* [Work required]: Under this line are records; the part from the line containing "The Cuisinart Elemental" through the line containing "Moving on to" should be repeated exactly. Please exclude pictures.

* [Data for this exercise]:

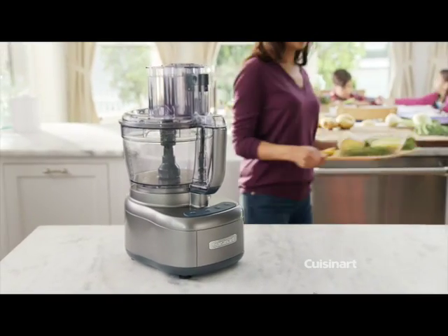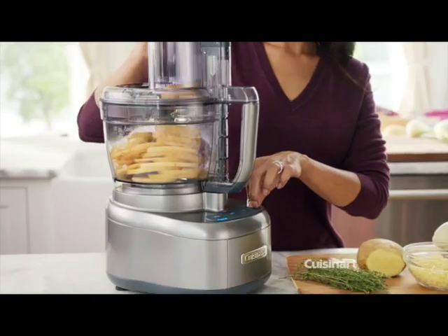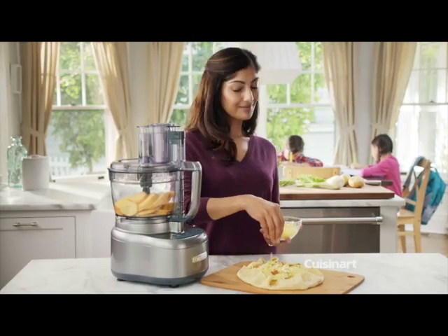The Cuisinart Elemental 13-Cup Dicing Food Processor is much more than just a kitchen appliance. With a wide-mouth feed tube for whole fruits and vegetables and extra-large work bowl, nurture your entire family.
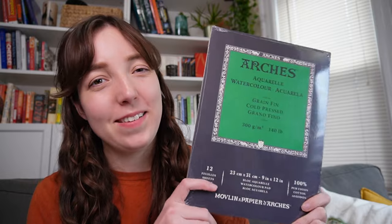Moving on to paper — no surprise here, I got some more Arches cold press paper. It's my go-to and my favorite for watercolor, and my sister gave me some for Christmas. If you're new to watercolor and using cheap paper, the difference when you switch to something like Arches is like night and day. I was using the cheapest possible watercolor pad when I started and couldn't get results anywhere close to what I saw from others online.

==

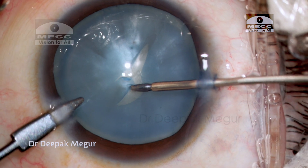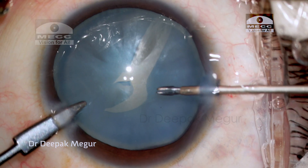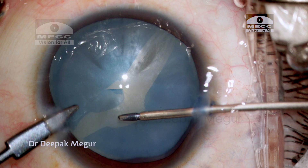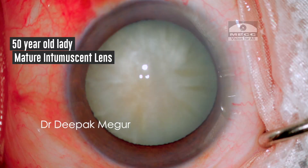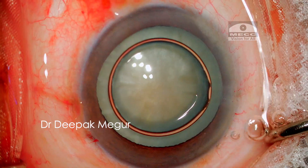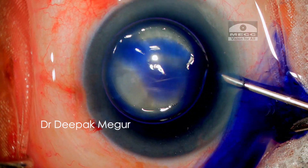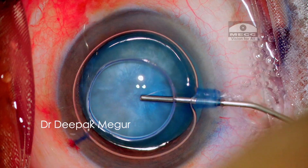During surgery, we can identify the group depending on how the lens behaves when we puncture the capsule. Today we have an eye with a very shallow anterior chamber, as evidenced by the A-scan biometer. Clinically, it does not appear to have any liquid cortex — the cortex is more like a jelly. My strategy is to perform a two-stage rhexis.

---

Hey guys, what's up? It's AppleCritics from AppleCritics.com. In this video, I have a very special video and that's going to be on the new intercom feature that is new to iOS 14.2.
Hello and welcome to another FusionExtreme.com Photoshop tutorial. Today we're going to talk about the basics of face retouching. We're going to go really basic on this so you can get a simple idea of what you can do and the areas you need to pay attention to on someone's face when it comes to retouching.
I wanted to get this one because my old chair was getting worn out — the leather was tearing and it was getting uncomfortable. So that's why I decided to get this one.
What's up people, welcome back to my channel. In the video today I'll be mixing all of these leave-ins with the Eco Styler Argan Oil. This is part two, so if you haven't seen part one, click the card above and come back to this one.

* [The completed task]:
The Cuisinart Elemental 13-Cup Dicing Food Processor is much more than just a kitchen appliance. With a wide-mouth feed tube for whole fruits and vegetables and extra-large work bowl, nurture your entire family.
Moving on to paper — no surprise here, I got some more Arches cold press paper. It's my go-to and my favorite for watercolor, and my sister gave me some for Christmas. If you're new to watercolor and using cheap paper, the difference when you switch to something like Arches is like night and day. I was using the cheapest possible watercolor pad when I started and couldn't get results anywhere close to what I saw from others online.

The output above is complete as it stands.